- From: Sanjiva Weerawarana <sanjiva@watson.ibm.com>
- Date: Thu, 6 Feb 2003 22:39:19 +0600
- To: "Dale Moberg" <dmoberg@cyclonecommerce.com>, "FABLET Youenn" <youenn.fablet@crf.canon.fr>
- Cc: "Roberto Chinnici" <roberto.chinnici@sun.com>, <www-ws-desc@w3.org>, "Jean-Jacques Moreau" <jean-jacques.moreau@crf.canon.fr>
"Dale Moberg" <dmoberg@cyclonecommerce.com> writes:
>
> Gudge expressed "reservations" in a forceful way about re-inventing the
^^^^^^^^^^^^^^^^^
> cardinality apparatus within input,output, and fault.

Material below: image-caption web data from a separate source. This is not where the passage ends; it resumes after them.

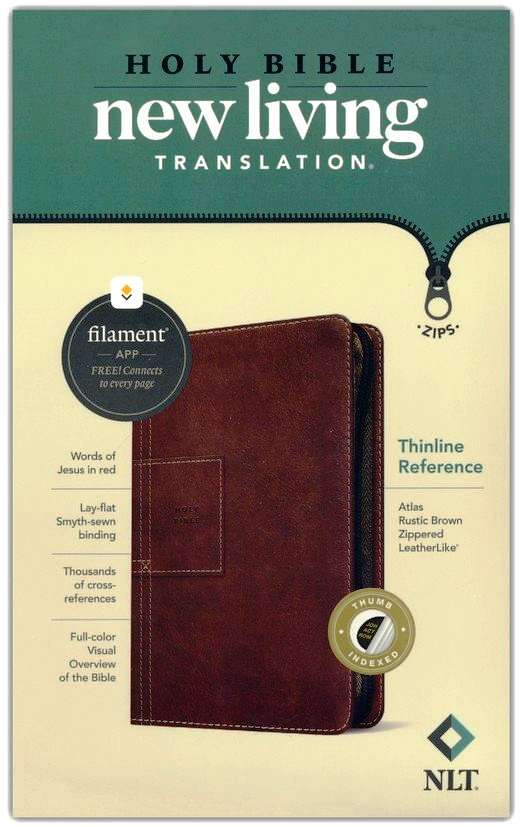 NLT New Living Translation Thinline Reference Bible, Atlas Rustic Brown Zippered Leather-Like Cover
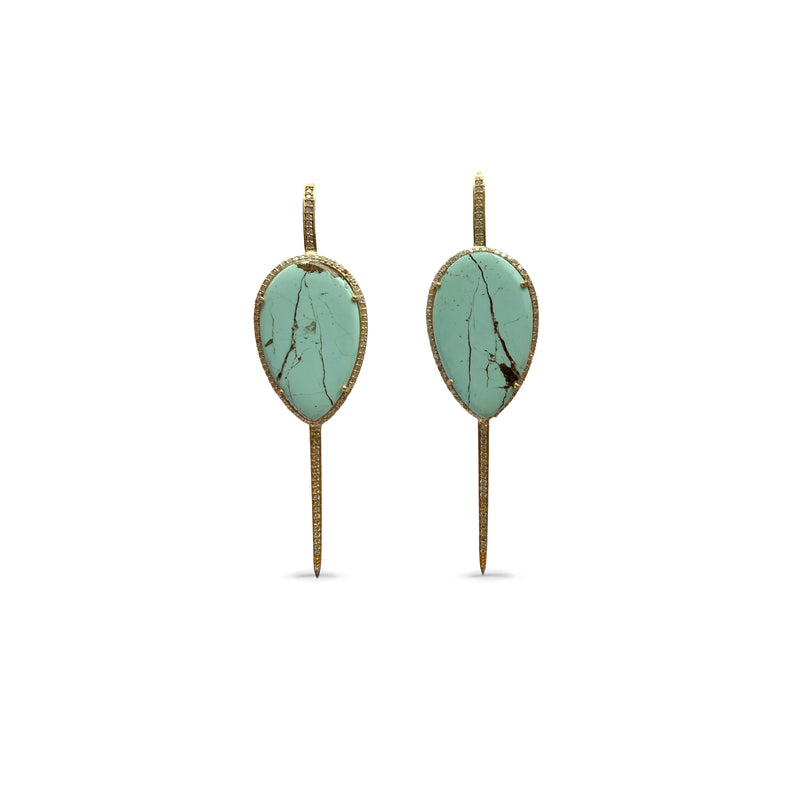 14k Sonoran + Pave Drop Earrings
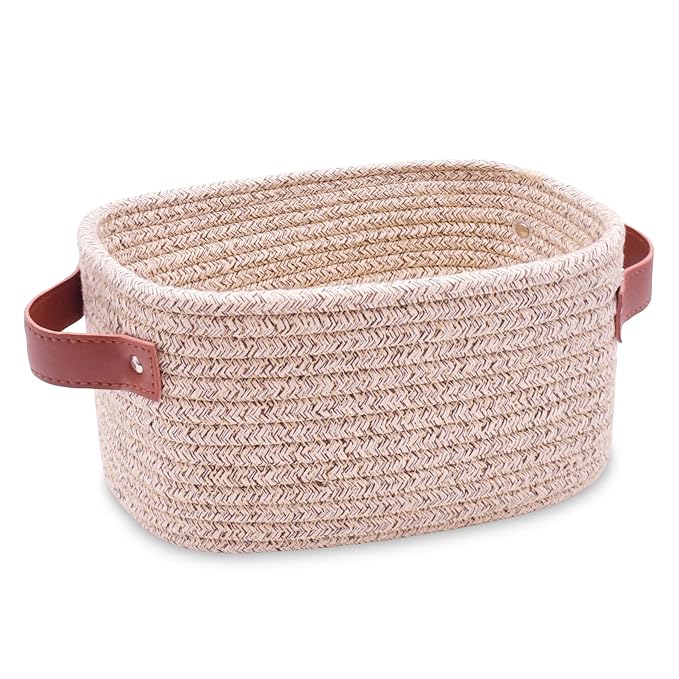 ABenkle Small Storage Basket, Mini Baskets with Handle, Cute Cotton Woven Baskets for Shelves, Boho Decorative Toy Storage Bin for Nursery, Spa, Empty Gift Basket - XS, Mixed Brown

I would've been disappointed with Gudge if he hadn't done precisely
that ;-).
I am ok with dropping those, but IMHO they're very useful. Yes, it
reinvents (i.e., copies) a useful concept, but IMO that's ok because
it brings in the key value of using XSD for that level without
bringing in all the complexity of XSD. As a result, it allows
me to say something like "I can handle 1 or more image/gif attachments."
> Also the wsdl-MEP combinatorics did not fit with the repeated input
> element. That would be easily correctable, though, if input, output (and
> fault?) were allowed to have content models with repeated "part" EIIs.
Yeah, there are several ways of addressing that problem.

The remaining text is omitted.